_Short web captions_.
^^^^^^^^^^^^^^^^

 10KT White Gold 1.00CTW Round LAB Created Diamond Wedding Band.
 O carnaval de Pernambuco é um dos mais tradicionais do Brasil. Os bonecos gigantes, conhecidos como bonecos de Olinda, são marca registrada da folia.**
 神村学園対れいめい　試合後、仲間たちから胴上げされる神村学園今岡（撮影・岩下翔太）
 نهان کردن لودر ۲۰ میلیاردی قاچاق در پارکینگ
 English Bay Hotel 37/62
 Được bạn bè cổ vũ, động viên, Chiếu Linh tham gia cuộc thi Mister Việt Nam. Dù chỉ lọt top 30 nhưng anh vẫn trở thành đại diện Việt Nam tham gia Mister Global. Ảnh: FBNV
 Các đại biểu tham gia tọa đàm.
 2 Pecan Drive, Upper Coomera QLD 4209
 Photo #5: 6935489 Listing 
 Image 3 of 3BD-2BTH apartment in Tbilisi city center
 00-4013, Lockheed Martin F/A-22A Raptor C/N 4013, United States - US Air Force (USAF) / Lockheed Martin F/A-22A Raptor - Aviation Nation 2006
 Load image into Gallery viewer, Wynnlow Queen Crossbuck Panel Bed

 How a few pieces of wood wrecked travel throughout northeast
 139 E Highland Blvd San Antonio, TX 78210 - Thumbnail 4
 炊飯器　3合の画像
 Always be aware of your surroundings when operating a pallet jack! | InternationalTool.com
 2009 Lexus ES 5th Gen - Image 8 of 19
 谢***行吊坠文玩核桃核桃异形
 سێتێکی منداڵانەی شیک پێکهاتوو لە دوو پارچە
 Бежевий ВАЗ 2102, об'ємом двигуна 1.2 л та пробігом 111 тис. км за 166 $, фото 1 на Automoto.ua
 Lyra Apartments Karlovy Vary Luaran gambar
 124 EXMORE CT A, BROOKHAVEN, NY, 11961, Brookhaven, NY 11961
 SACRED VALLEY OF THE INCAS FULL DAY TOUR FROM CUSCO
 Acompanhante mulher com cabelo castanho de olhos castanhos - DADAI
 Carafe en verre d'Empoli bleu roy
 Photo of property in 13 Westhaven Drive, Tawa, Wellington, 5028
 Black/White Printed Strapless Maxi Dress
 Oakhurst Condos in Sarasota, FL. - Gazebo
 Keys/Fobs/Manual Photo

^^^^^^^^^^^^^^^^

_Exercise_.
Copy exactly the line that contains "谢***行吊坠文玩核桃核桃异形" and every line after it through the end of the entries, with nothing added.

_Answer section_.
 谢***行吊坠文玩核桃核桃异形
 سێتێکی منداڵانەی شیک پێکهاتوو لە دوو پارچە
 Бежевий ВАЗ 2102, об'ємом двигуна 1.2 л та пробігом 111 тис. км за 166 $, фото 1 на Automoto.ua
 Lyra Apartments Karlovy Vary Luaran gambar
 124 EXMORE CT A, BROOKHAVEN, NY, 11961, Brookhaven, NY 11961
 SACRED VALLEY OF THE INCAS FULL DAY TOUR FROM CUSCO
 Acompanhante mulher com cabelo castanho de olhos castanhos - DADAI
 Carafe en verre d'Empoli bleu roy
 Photo of property in 13 Westhaven Drive, Tawa, Wellington, 5028
 Black/White Printed Strapless Maxi Dress
 Oakhurst Condos in Sarasota, FL. - Gazebo
 Keys/Fobs/Manual Photo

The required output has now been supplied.